SOUS LA PRÉSIDENCE DE L’HONORABLE PIERRE A. GAGNON, J.C.Q.

______________________________________________________________________

 

 

MARTIN BEAULIEU

et

SANDRA BEAULIEU

 

Demandeurs

c.

 

CONSTRUCTION VESTA INC.

et

(…)

et

MAÇONNERIE STÉPHANE LAPOINTE INC.

et

(…)

 

Défendeurs

 

______________________________________________________________________

 

JUGEMENT SUR LA DEMANDE D'ORDONNANCE DE SAUVEGARDE

(Article 46 C.p.c.)

______________________________________________________________________

 

[1]           M. Martin Beaulieu et Mme Sandra Beaulieu («les Beaulieu») demandent l'émission d'une ordonnance de sauvegarde contre Construction Vesta inc. («Vesta») et Maçonnerie Stéphane Lapointe inc. («Maçonnerie») pour que ces derniers déposent judiciairement la somme de 50 339,25 $ à titre de garantie de bonne exécution des travaux requis pour corriger les travaux déficients de Vesta et Maçonnerie.

[2]           Les Beaulieu requièrent également qu'ils puissent prélever, à même le montant déposé judiciairement, les sommes équivalentes aux montants qu'ils débourseront pour corriger les déficiences dont Vesta et Maçonnerie sont responsables.

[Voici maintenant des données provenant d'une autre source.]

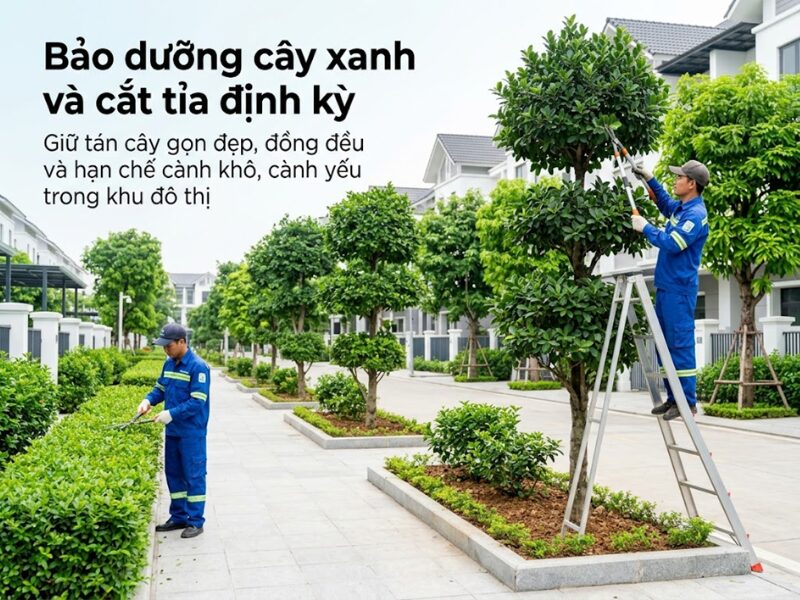 Dịch vụ chăm sóc cây xanh đô thị của TTC Group: Giải pháp giữ cảnh quan luôn gọn đẹp, đồng đều và bền vững chăm sóc cây xanh đô thị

[3]           Les Beaulieu invoquent que Vesta les a empêchés d'exercer leur droit de rétention prévu à l'article 2111 C.c.Q. Puisque la valeur des travaux nécessaires pour corriger les déficiences est de 43 000$ plus taxes et que l'expert unique conclut à une responsabilité partagée entre eux et les entrepreneurs, ils demandent de rétablir l'équilibre entre les parties.

Le contexte:

[4]           Le 18 juillet 2011, les Beaulieu et Vesta concluent un contrat d'entreprise visant la rénovation extérieure de leur résidence et comprenant des travaux de maçonnerie. Le prix du contrat totalise 43 210,14 $ payable en trois versements égaux de 12 963,04 $ et un versement final de 4 321,01 $ au parachèvement des travaux. L'échéancier prévoit que les travaux débutent le jour même pour se terminer le 15 août 2011.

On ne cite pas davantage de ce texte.